What is being asked
Exact reproduction of the listing is required. Pictures are not reproduced.

Recorded data section start

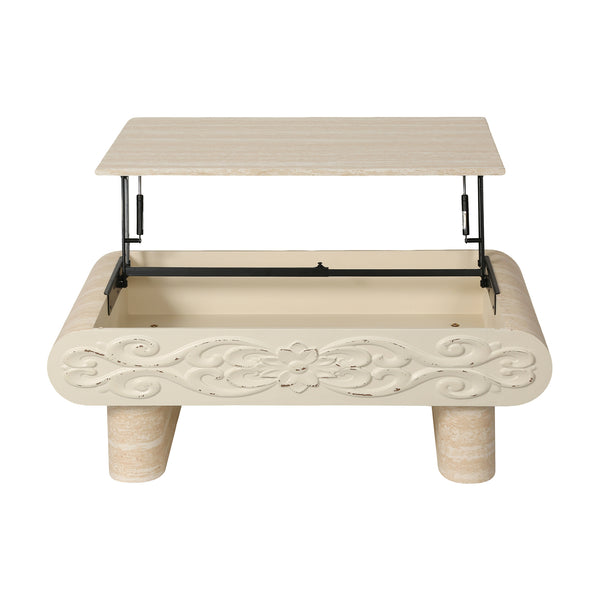 English Elm Rounded Edge Coffee Table Solid Wood Engraved Drawer Modern Living Room Storage Beige+Yellow W3040P428650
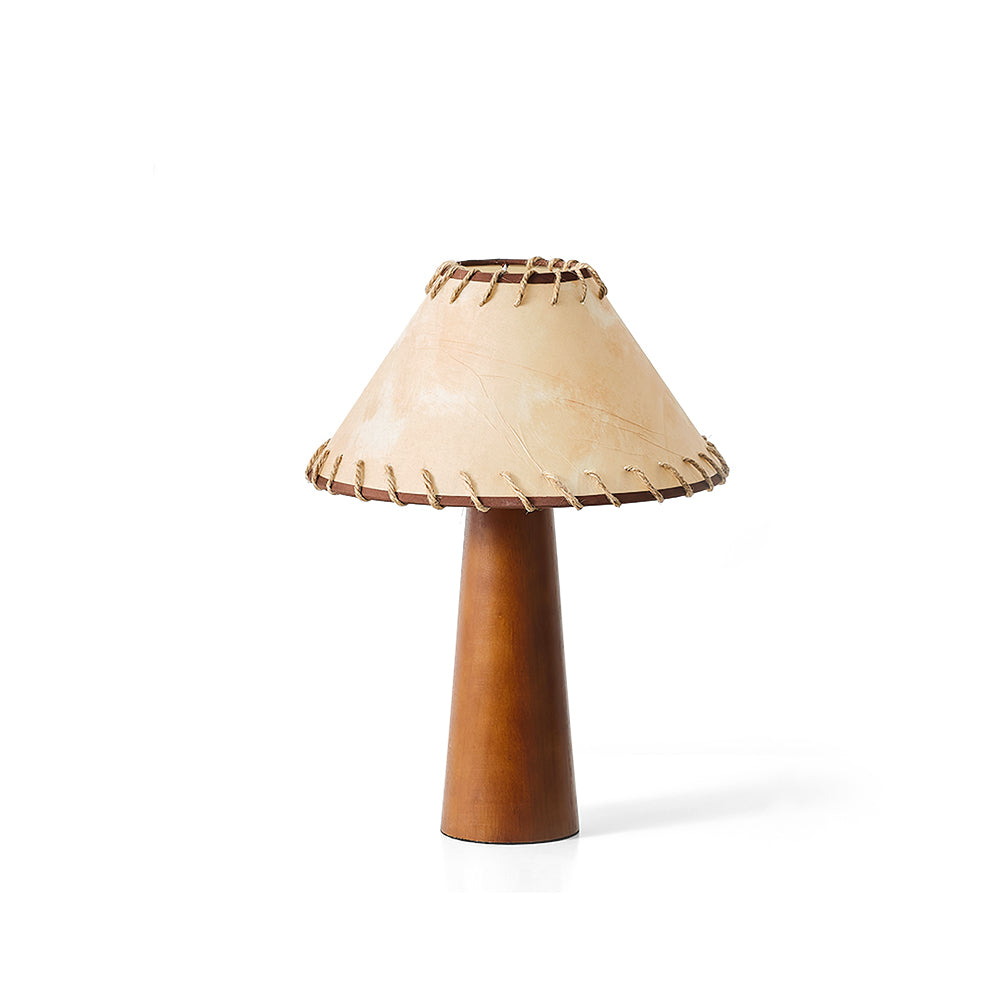 Vintage Style Table Lamp with Fabric Shade and Solid Wood Base – 30cm Diameter 2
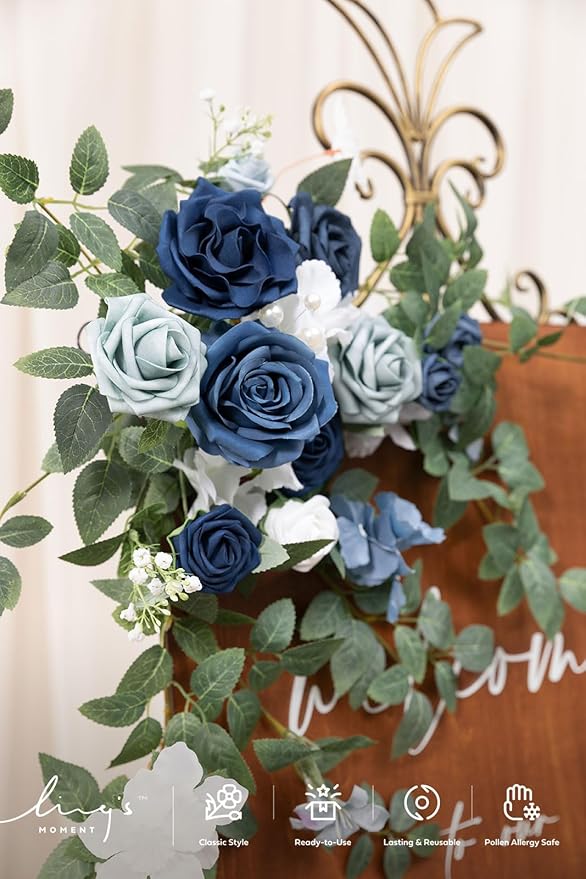 Ling's moment 2pcs Wedding Flowers Garland Artificial Floral Swag Arch Decorations Rose Greenery Arrangements Dusty Blue & Navy Ceremony Reception Garden Easel Wall Entryway Outdoor (NOT Include Sign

Recorded data section end

Written reply
 English Elm Rounded Edge Coffee Table Solid Wood Engraved Drawer Modern Living Room Storage Beige+Yellow W3040P428650
 Vintage Style Table Lamp with Fabric Shade and Solid Wood Base – 30cm Diameter 2
 Ling's moment 2pcs Wedding Flowers Garland Artificial Floral Swag Arch Decorations Rose Greenery Arrangements Dusty Blue & Navy Ceremony Reception Garden Easel Wall Entryway Outdoor (NOT Include Sign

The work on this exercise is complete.